Due to inertia, undesirable sway in the payload is observed during a recovery operation; in which a vehicle or equipment casualty is evacuated with the help of a recovery vehicle for its further extrication to a repair site. This recovery operation is usually carried out by military or commercial recovery resources with the assistance of a rotary crane vehicle 765 evacuate men and material from debris after a catastrophe like earthquake, accidents etc. Generally, the payload oscillations are manually controlled by detailing few personnel of the recovery crew to hold the payload which violates safety of recovery crane operation. Manual control of the payload oscillations also results in the commitment of skilled recovery crew thus retarding speed and efficiency of the process. Therefore, in this research work, a robust controller has been designed for intelligent control of these payload oscillations in a mobile recovery crane. An EFI based Light Recovery Vehicle (LRV); IVECO Euro-Cargo has been selected for designing a robust controller to regulate its payload oscillations. The Rotary boom crane and its luffing motion were duly modeled while catering for the effects of varying environmental parameters like wind speed, disturbances etc. Various control schemes based on even intelligent and adaptive controllers have now been matured enough for overhead, fixed and tower types of cranes due to their wider applications on industrial scale. However, for mobile recovery vehicles operating in an open / unstructured field environment, a little research has been done to find a suitable anti-sway control scheme.
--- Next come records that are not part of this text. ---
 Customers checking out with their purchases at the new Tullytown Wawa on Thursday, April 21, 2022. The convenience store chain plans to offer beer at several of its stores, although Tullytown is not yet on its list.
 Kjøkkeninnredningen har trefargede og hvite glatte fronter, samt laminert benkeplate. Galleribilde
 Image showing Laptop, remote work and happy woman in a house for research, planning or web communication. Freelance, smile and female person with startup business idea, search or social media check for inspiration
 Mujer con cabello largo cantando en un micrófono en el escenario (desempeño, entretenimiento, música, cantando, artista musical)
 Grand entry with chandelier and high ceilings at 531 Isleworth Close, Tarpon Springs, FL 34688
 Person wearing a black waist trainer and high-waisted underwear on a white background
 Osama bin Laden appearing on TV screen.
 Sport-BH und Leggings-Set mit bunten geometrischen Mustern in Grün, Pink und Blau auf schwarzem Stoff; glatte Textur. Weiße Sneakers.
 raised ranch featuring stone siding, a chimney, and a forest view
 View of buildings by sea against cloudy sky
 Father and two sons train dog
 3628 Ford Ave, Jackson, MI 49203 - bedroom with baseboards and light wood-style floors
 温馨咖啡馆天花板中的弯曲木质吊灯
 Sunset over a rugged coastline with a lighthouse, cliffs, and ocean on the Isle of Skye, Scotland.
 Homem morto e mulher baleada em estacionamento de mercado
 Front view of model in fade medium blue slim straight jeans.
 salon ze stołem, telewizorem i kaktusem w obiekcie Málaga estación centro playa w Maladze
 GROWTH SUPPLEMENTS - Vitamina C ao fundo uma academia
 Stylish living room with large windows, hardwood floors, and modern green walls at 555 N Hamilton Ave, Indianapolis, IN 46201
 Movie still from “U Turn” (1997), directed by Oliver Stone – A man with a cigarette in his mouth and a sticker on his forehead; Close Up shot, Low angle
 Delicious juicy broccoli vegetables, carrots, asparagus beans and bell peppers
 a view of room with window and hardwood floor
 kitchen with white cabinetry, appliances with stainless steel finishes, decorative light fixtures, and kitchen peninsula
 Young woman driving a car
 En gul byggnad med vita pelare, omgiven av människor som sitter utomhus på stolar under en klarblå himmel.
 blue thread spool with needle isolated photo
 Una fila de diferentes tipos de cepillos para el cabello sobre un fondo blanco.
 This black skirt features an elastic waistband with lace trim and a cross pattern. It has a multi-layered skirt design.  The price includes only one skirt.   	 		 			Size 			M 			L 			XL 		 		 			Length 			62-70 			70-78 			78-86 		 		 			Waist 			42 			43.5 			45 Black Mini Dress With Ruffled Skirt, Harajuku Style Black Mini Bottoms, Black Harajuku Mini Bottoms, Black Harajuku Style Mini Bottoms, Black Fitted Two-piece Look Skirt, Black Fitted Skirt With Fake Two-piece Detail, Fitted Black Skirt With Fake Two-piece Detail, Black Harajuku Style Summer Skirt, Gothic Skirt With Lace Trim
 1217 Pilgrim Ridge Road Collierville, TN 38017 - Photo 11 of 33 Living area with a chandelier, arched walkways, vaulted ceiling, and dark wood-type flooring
Therefore, as an initial step, anti-sway control scheme based on classical PID controller has been suggested with the feedback available from newly installed sensors on the boom crane mechanism in addition to the already installed sensors in the EFI vehicle. The simulations results have been compared with an optimal LQR controller which showed an improvement in the settling time by 4.5 seconds as compared to the existing crane mechanism where no control scheme is available to control the payload oscillations. Therefore, the application of the suggested control scheme has resulted in reducing the sway present in vehicle / equipment casualty thereby improving the safety, efficiency and speed of the recovery process.